In case you aren't familiar with the term "localization," it's the process of making something locally accessible. Everything from literal subtitles, to extensively re-written shows fall under the term "localization." In order to differentiate between rather simple localizations and extensively altered localizations, we decided to take a term from Tokyopop's marketing department and called the latter "tricked out titles."

Tricked out titles of course include Initial D, Cardcaptors and Robotech. Many anime purists hate what Tokyopop, Nelvana and Harmony Gold did to these titles. Unfortunately most purists fail to respect the fact that these companies are in business to make money, and they came to the educated, researched conclusion that their titles would sell better in "tricked out" format. Let's look at Initial D specifically; Tokyopop saw a growing North American drifting / import tuner market and realized that Initial D could appeal to them. A look at Initial D's sales numbers shows a certain amount of success in this market, frankly, Initial D is selling more copies than it ever would have if it were sold only to anime fans. David Williams believes strongly that it would not have sold as many copies had it not been “tricked out”.

These tricked out releases that are targeted to mainstream audiences also offer the industry, and indirectly fans, another benefit. They act as "gateway titles," titles that introduce new fans to anime. This obviously benefits the industry because it increases potential sales of new series. This, in turn, benefits other fans, because as the market grows, it becomes steadily more possible to bring a greater array of new titles out sooner.
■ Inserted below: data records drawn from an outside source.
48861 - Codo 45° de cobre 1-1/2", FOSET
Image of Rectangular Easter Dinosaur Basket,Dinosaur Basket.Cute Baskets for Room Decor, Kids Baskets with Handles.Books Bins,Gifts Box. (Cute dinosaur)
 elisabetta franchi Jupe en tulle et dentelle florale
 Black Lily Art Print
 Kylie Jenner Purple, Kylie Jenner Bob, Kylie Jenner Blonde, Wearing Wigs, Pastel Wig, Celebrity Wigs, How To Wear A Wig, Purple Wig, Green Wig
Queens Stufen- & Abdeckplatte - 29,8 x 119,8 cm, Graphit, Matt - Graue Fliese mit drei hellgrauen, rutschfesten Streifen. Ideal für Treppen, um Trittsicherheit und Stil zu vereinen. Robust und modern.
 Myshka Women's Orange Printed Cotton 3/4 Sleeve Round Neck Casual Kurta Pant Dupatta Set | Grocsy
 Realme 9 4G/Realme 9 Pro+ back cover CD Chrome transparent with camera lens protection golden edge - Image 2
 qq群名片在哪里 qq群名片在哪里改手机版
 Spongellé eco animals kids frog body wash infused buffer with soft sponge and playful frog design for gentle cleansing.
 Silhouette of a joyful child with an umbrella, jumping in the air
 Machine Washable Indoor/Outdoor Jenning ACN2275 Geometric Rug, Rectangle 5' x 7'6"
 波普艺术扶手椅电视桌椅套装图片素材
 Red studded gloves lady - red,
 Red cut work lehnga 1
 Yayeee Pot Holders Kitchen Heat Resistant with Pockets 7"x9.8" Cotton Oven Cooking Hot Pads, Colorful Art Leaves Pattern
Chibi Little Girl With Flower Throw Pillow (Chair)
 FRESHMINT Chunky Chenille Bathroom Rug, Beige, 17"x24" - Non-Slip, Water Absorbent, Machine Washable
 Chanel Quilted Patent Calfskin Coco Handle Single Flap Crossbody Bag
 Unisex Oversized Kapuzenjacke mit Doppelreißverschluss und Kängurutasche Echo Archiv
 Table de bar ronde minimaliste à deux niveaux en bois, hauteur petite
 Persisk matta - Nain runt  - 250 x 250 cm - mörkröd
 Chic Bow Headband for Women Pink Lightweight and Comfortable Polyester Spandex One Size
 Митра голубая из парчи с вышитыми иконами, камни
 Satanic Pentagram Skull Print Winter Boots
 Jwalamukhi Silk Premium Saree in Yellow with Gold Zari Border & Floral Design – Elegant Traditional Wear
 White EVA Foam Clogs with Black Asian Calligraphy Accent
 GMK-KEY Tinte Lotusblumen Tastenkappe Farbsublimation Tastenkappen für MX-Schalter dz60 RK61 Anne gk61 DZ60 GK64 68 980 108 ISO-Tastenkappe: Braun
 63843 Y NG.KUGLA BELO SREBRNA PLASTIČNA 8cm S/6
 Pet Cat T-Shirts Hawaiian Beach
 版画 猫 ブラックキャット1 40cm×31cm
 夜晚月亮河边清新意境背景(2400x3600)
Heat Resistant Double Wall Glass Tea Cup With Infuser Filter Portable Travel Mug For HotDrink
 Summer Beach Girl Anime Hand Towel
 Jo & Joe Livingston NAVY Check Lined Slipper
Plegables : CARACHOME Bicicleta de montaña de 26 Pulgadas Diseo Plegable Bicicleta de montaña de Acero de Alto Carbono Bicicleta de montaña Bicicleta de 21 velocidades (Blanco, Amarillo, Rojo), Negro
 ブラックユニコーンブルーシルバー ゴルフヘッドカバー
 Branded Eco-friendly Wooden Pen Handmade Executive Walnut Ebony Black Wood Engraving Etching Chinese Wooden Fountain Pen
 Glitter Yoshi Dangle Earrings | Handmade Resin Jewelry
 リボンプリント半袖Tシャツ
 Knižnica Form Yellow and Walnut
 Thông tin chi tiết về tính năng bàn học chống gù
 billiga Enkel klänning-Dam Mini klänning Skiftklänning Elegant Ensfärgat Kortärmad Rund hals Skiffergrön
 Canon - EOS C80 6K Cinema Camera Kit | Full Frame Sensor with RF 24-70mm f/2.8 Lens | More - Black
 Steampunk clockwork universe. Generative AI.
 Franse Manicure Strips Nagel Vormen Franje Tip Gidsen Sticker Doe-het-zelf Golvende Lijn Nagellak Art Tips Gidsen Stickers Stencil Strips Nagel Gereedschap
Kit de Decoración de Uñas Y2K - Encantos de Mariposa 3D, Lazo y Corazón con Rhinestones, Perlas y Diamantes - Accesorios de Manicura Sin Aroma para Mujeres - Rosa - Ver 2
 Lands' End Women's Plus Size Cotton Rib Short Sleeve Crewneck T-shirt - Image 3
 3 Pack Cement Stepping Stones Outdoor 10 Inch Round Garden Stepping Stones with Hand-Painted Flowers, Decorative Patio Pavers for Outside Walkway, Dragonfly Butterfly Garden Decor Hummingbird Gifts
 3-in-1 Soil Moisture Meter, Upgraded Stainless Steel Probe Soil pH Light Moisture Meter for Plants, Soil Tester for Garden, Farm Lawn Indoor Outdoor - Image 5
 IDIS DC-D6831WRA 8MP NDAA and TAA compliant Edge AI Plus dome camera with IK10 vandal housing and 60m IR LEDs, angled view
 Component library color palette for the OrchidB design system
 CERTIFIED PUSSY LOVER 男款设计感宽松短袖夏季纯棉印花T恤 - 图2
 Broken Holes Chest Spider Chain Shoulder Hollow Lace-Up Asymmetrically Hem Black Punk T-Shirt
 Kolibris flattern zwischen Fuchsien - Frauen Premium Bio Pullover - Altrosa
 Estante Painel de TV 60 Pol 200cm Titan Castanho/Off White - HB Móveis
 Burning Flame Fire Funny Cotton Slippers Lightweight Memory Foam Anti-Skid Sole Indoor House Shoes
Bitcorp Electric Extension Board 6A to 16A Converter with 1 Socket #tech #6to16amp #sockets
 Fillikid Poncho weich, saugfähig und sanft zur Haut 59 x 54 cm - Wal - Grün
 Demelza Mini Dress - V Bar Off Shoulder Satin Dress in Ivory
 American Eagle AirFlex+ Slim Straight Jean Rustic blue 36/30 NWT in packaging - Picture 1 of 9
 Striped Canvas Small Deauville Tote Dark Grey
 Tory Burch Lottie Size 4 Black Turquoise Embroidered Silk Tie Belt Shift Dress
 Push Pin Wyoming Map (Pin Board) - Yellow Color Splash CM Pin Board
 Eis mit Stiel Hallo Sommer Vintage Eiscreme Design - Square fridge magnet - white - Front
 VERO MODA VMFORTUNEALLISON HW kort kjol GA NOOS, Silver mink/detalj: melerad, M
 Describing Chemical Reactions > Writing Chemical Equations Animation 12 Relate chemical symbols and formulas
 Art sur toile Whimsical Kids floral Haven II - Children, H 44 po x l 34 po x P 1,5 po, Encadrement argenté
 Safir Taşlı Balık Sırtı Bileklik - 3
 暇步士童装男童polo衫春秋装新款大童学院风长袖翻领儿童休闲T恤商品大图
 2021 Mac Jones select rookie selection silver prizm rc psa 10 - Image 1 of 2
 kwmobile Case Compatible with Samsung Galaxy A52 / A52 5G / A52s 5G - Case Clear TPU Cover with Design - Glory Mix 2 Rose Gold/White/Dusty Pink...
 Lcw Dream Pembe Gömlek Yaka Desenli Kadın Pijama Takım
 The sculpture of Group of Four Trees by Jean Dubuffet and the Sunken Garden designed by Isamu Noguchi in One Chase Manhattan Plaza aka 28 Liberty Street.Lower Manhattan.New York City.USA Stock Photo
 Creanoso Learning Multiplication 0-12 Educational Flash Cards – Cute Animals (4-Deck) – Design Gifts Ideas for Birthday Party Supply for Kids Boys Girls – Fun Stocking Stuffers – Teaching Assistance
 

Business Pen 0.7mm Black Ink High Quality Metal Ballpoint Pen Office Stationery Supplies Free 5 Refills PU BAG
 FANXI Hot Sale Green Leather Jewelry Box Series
So while hardcore fans may not like or approve of these so-called “tricked out” titles, there's a silver lining for them.

Ultimately, what most fans want, in terms of localization, is a nearly literal dub and an even closer to literal subtitle track. Some adaptation of sentence structure and what not is required to make the translations work, but no meaning or innuendo should be added, removed or altered.

It was the humble opinion of all the panelists, myself included, that if fans get a "fan-friendly" release they really shouldn't complain about what companies chose to do with the other versions that they may chose to release on TV or a second DVD release. We stated for example that fans of Initial D have no reason to complain about Tokyopop's "tricked out" release, because Tokyopop also released a subtitled version of the show with a literal translation, the original music and no edits or cuts. Unfortunately this conclusion of ours fell apart rather quickly when we were reminded that some anime fans prefer dubs to subs. In fact, while a preference for subtitles was once the defining mark of a "true anime fan," there are now more anime fans that prefer English dubs. Like their subtitle loving brethren, these purists demand a literal adaptation with no changes, the only difference is that they want dubbed it in English, not subtitled.

These fans, who now make up that majority of the anime enthusiast market, are the ones who are cheated when companies release "tricked out dubs" combined with true-to-the-original subs. Like any other aspect of a release, and in fact any other topic at all, understanding the issue is required to effectively lobby for change.

I don't feel that anyone should "shut up and be happy with whatever they get," but knowing when and how to complain, and accepting a few compromises, will get anime fans more of what they want.

In a Perfect World, every anime and manga would be released with perfect translations, and there would be no need for tricked out releases because the North American mainstream audience would only want faithful adaptations. Unfortunately the world isn't perfect, so we have to accept that sometimes companies will have to decide between us and the mainstream market. And given the choice between selling a couple thousand and tens of thousands of copies, what would you chose ?

Like I said, you don't have to quietly accept every tricked out adaptation, but pick your battles wisely. And for the love of god, don't complain about a title that you weren't going to buy anyways, it's as bad as supporting the movement to get a particular title licensed and then not buying it when it is licensed. In the long run, it kills the credibility of anime fans in general, and makes companies less likely to listen to our requests.